_EXERCISE PROMPT_
Omit the images and reproduce the rest of the entries exactly.

Excerpts from a dataset:
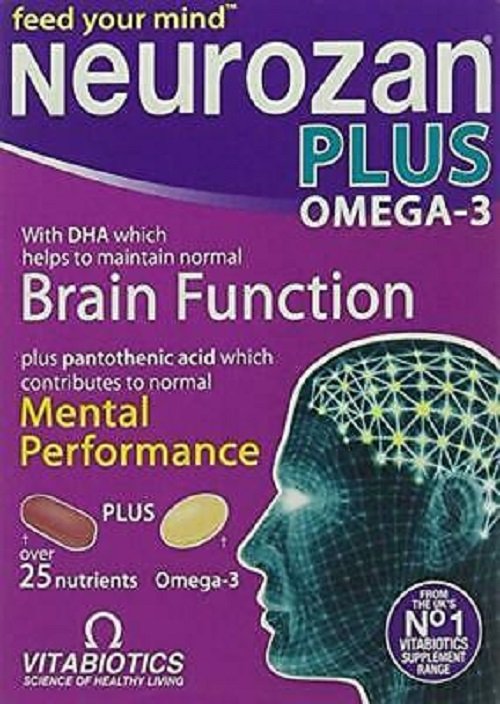 Neurozan (Vitabiotics) Plus 28 Caps/28 Tablets 56`s
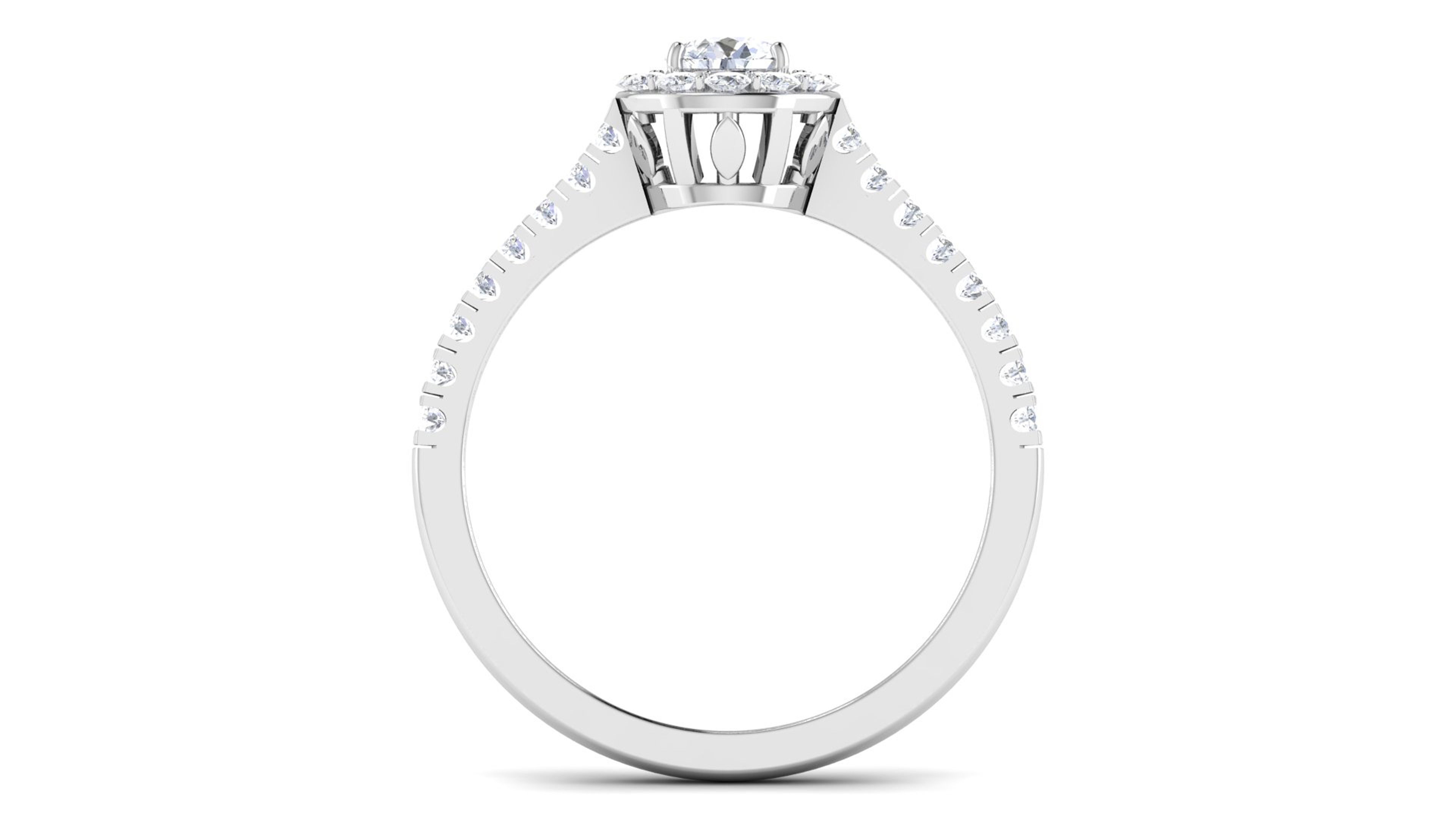 Solitaire Engagement Wedding Bridal Ring 3D print model_1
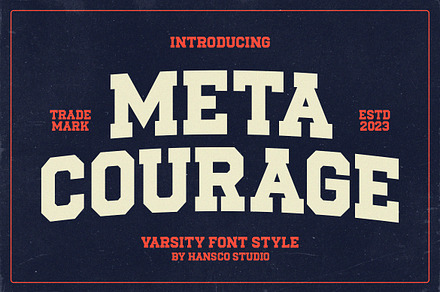 Meta Courage Varsity Font, a Slab Serif Font by Burhan Afif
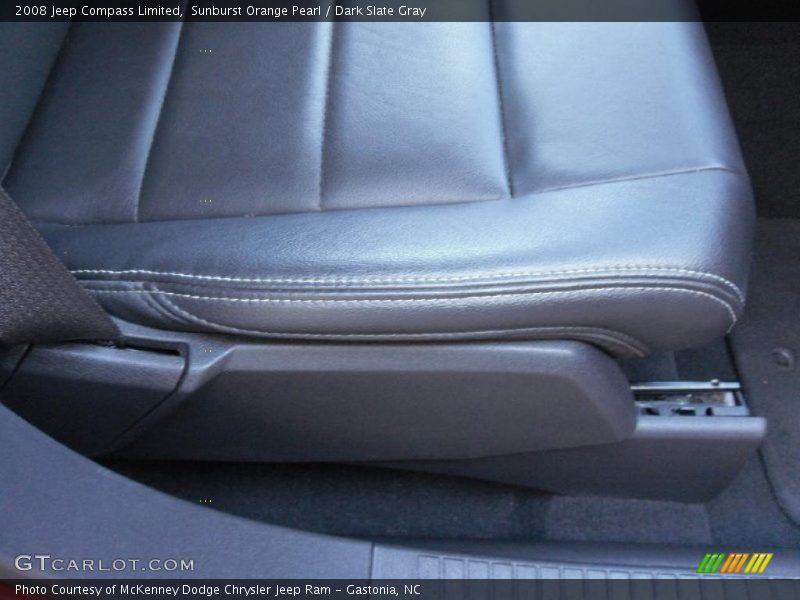 Sunburst Orange Pearl / Dark Slate Gray 2008 Jeep Compass Limited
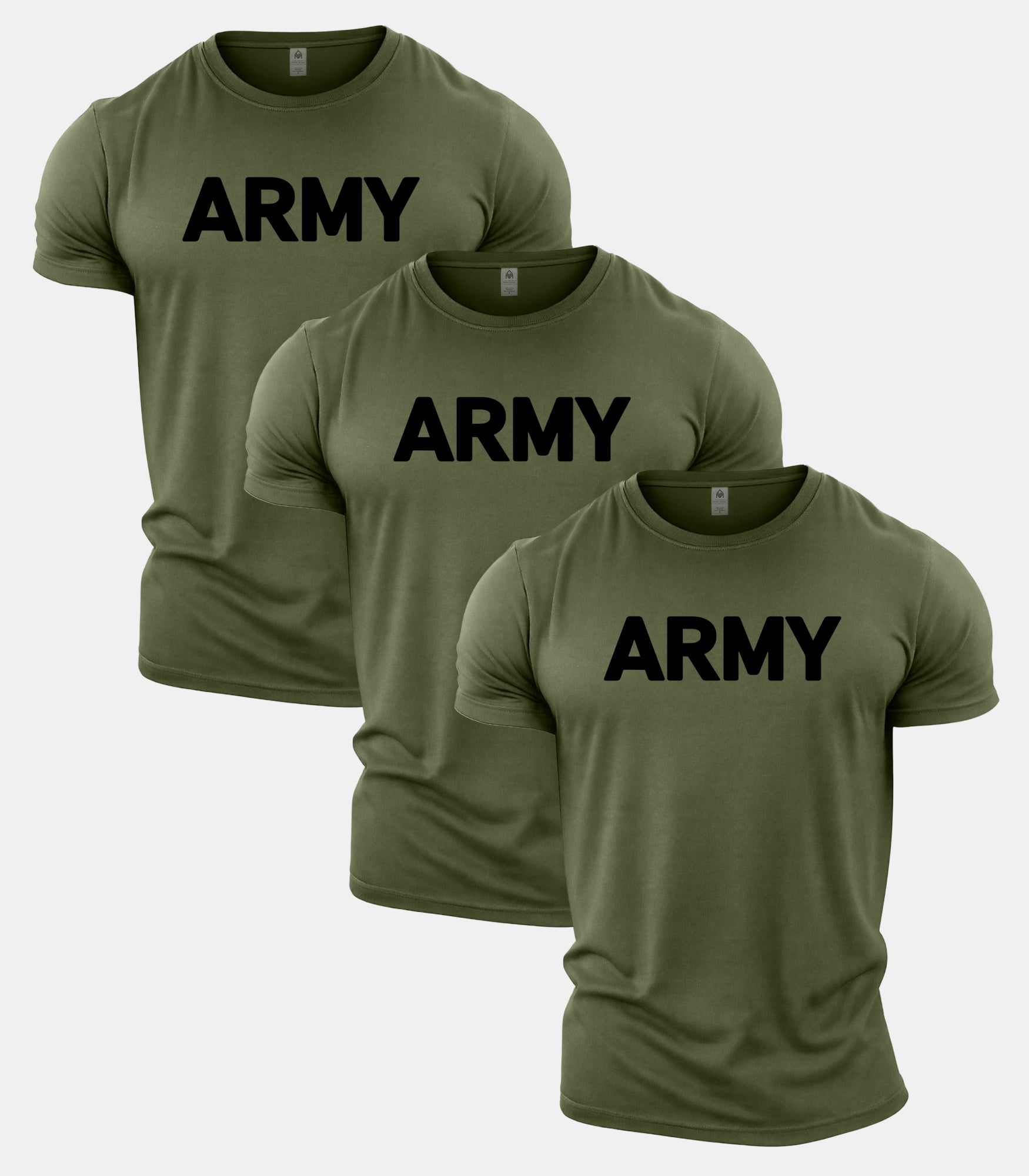 Army T-Shirt Green 3 Pack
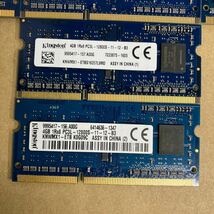 V146 Kingston ノートPCメモリ 4GB 1Rx8 PC3L-12800S 26枚_画像10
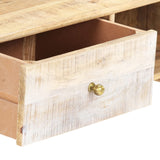 NNEVL Coffee Table 88x60x40 cm Solid Mango Wood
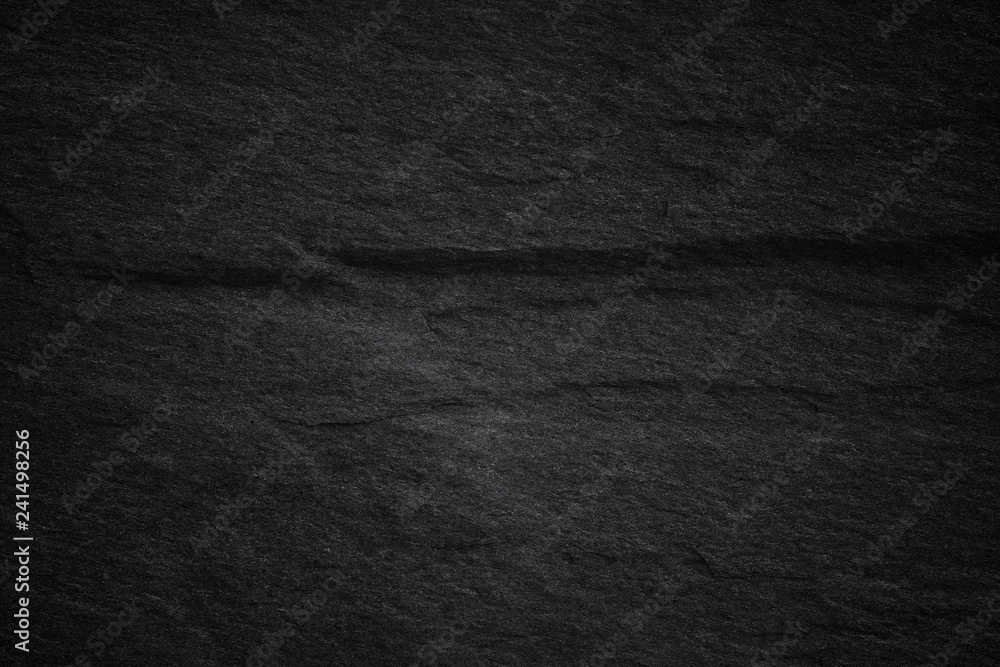 Fototapeta premium Dark grey black slate background or natural stone texture.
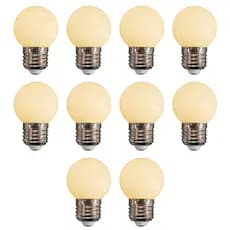 Kit 10 Lampada Bolinha 3W 3000k Branco Quente BIVOLT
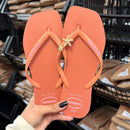 Chinelo Havaianas Logo Pop Up + Pin Tartaruga e Estrela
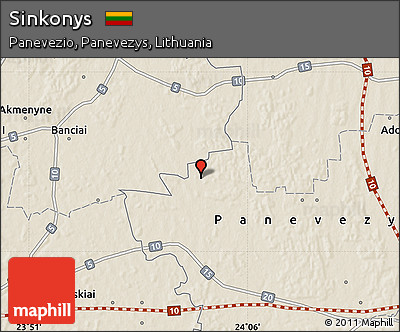 Shaded Relief Map of Sinkonys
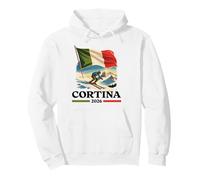 Cortina Vintage Ski Italia Alpi Sport Invernali Design Felpa con Cappuccio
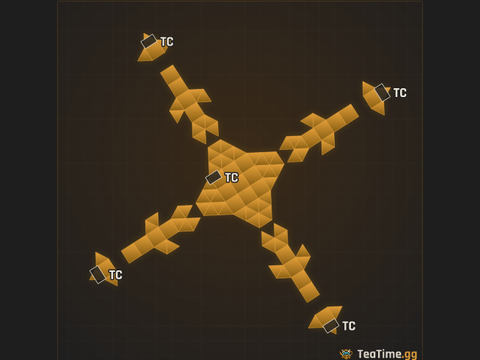 Foundation footprint of Needle Spire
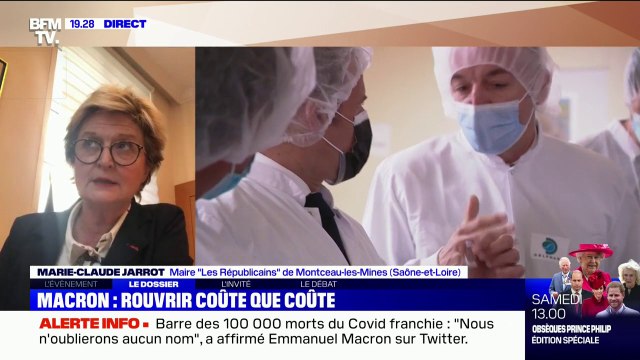 Marie-Claude Jarrot, maire LR de Montceau-les-Mines: Le Président nous a assuré de la réouverture aux dates qu'il avait fixées préalablement des écoles, des collèges et des lycées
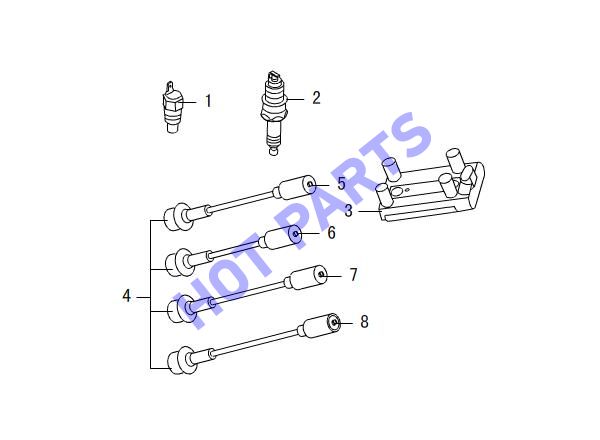 IGNITION COIL & SPARK PLUG ASSY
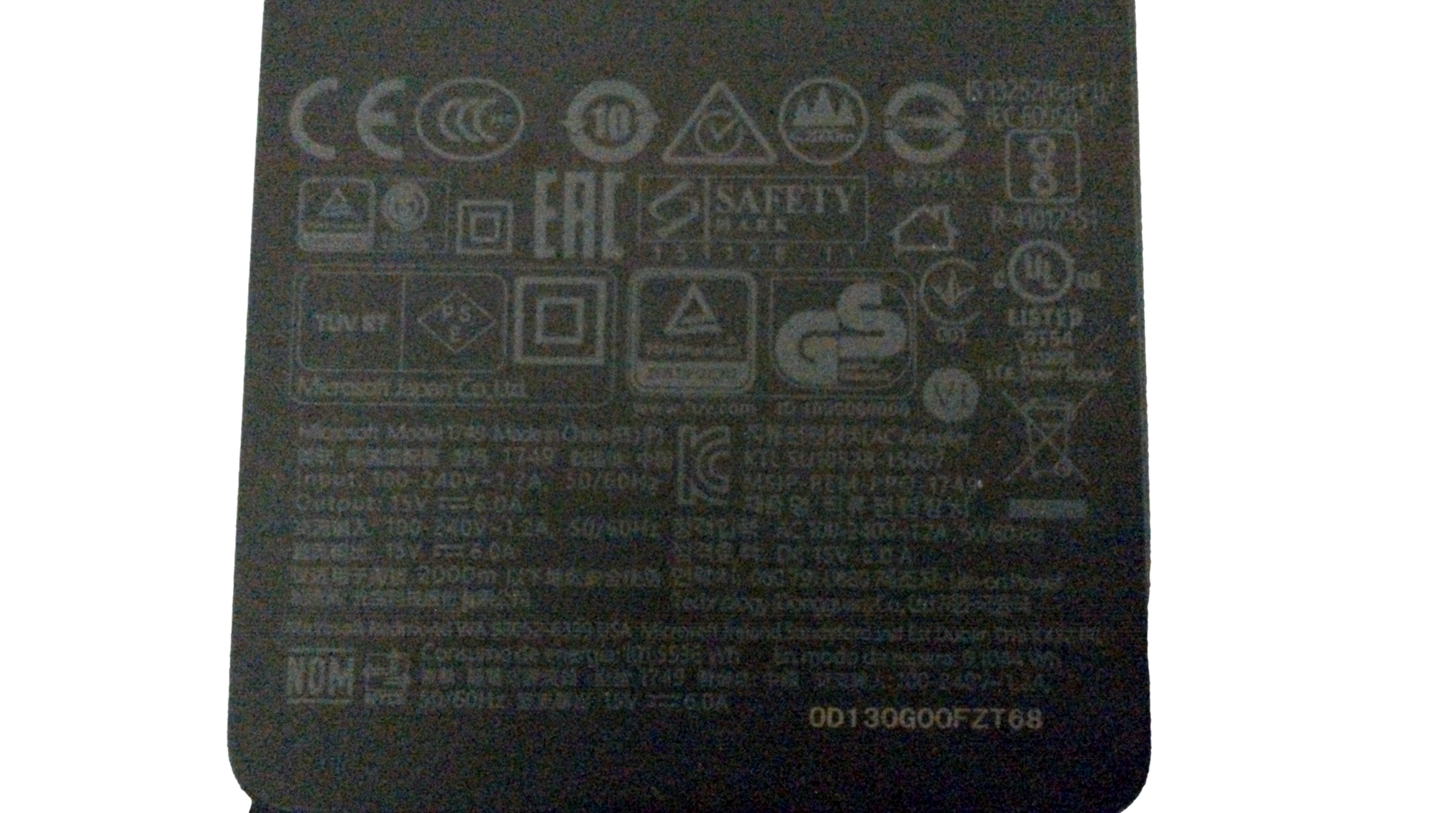 Microsoft Surface Charger 1749 15V 6A 90W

_SOLUTION BELOW_
 Neurozan (Vitabiotics) Plus 28 Caps/28 Tablets 56`s
 Solitaire Engagement Wedding Bridal Ring 3D print model_1
 Meta Courage Varsity Font, a Slab Serif Font by Burhan Afif
 Sunburst Orange Pearl / Dark Slate Gray 2008 Jeep Compass Limited
 Army T-Shirt Green 3 Pack
 V146 Kingston ノートPCメモリ 4GB 1Rx8 PC3L-12800S 26枚_画像10
 NNEVL Coffee Table 88x60x40 cm Solid Mango Wood
 Fototapeta premium Dark grey black slate background or natural stone texture.
 Kit 10 Lampada Bolinha 3W 3000k Branco Quente BIVOLT
 Chinelo Havaianas Logo Pop Up + Pin Tartaruga e Estrela
 Shaded Relief Map of Sinkonys
 Cortina Vintage Ski Italia Alpi Sport Invernali Design Felpa con Cappuccio
 Foundation footprint of Needle Spire
 Marie-Claude Jarrot, maire LR de Montceau-les-Mines: Le Président nous a assuré de la réouverture aux dates qu'il avait fixées préalablement des écoles, des collèges et des lycées
 IGNITION COIL & SPARK PLUG ASSY
 Microsoft Surface Charger 1749 15V 6A 90W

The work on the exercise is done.